简体   繁体   English

python循环中的计数对

[英]Over counting pairs in python loop

I have a list of dictionaries where each dict is of the form: 我有一个字典列表,每个字典的形式为:

 {'A': a,'B': b}

I want to iterate through the list and for every (a,b) pair, find the pair(s), (b,a), if it exists. 我想遍历列表,对于每个(a,b)对,找到对(b,a)(如果存在)。

For example if for a given entry of the list A = 13 and B = 14, then the original pair would be (13,14). 例如,如果对于列表的给定条目A = 13和B = 14,则原始对将为(13,14)。 I would want to search the entire list of dicts to find the pair (14,13). 我想搜索字典的整个列表以找到对(14,13)。 If (14,13) occurred multiple times I would like to record that too. 如果(14,13)多次出现,我也想记录一下。

I would like to count the number of times for all original (a,b) pairs in the list, when the complement (b,a) appears, and if so how many times. 我想计算列表中所有原始(a,b)对的出现次数,补码(b,a)出现的次数,以及出现次数。 To do this I have two for loops and a counter when a complement pair is found. 为此,我有两个for循环和一个找到补码对的计数器。

pairs_found = 0
for i, val in enumerate( list_of_dicts ):
    for j, vol in enumerate( list_of_dicts ):
        if val['A'] == vol['B']:
            if vol['A'] == val['B']:
                pairs_found += 1

This generates a pairs_found greater than the length of list_of_dicts . 这将生成一个pairs_found ,其长度大于list_of_dicts的长度。 I realize this is because the same pairs will be over-counted. 我意识到这是因为相同的货币对将被高估。 I am not sure how I can overcome this degeneracy? 我不确定如何克服这种退化?

Edit for Clarity 编辑清晰度

list_of_dicts = []

list_of_dicts[0] = {'A': 14, 'B', 23}
list_of_dicts[1] = {'A': 235, 'B', 98}
list_of_dicts[2] = {'A': 686, 'B', 999}
list_of_dicts[3] = {'A': 128, 'B', 123}

....

Lets say that the list has around 100000 entries. 可以说该列表有大约100000个条目。 Somewhere in that list, there will be one or more entries, of the form {'A' 23, 'B': 14}. 在该列表中的某处,将存在一个或多个条目,格式为{'A'23,'B':14}。 If this is true then I would like a counter to increase its value by one. 如果是这样,那么我希望计数器将其值增加一。 I would like to do this for every value in the list. 我想对列表中的每个值执行此操作。
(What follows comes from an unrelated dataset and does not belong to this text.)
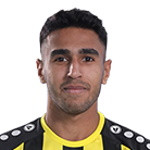 Player: Yusuf Özer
Here is what I suggest: 这是我的建议:

  • Use tuple to represent your pairs and use them as dict/set keys. 使用元组表示您的配对,并将它们用作字典/设置键。
  • Build a set of unique inverted pairs you'll look for. 构建一组您要寻找的独特的反向对。
  • Use a dict to store the number of time a pair appears inverted 使用字典来存储一对反转出现的时间

Then the code should look like this: 然后,代码应如下所示:

# Create a set of unique inverted pairs    
inverted_pairs_set = {(d['B'],d['A']) for d in list_of_dicts}
# Create a counter for original pairs
pairs_counter_dict = {(ip[1],ip[0]):0 for ip in inverted_pairs_set]
# Create list of pairs
pairs_list = [(d['A'],d['B']) for d in list_of_dicts]
# Count for each inverted pairs, how many times 
for p in pairs_list:
   if p in inverted_pairs_set:
      pairs_counter_dict[(p[1],p[0])] += 1

You could first create a list with the values of each dictionary as tuples: 您可以首先创建一个列表,将每个字典的值作为元组:

example_dict = [{"A": 1, "B": 2}, {"A": 4, "B": 3}, {"A": 5, "B": 1}, {"A": 2, "B": 1}]
dict_values = [tuple(x.values()) for x in example_dict]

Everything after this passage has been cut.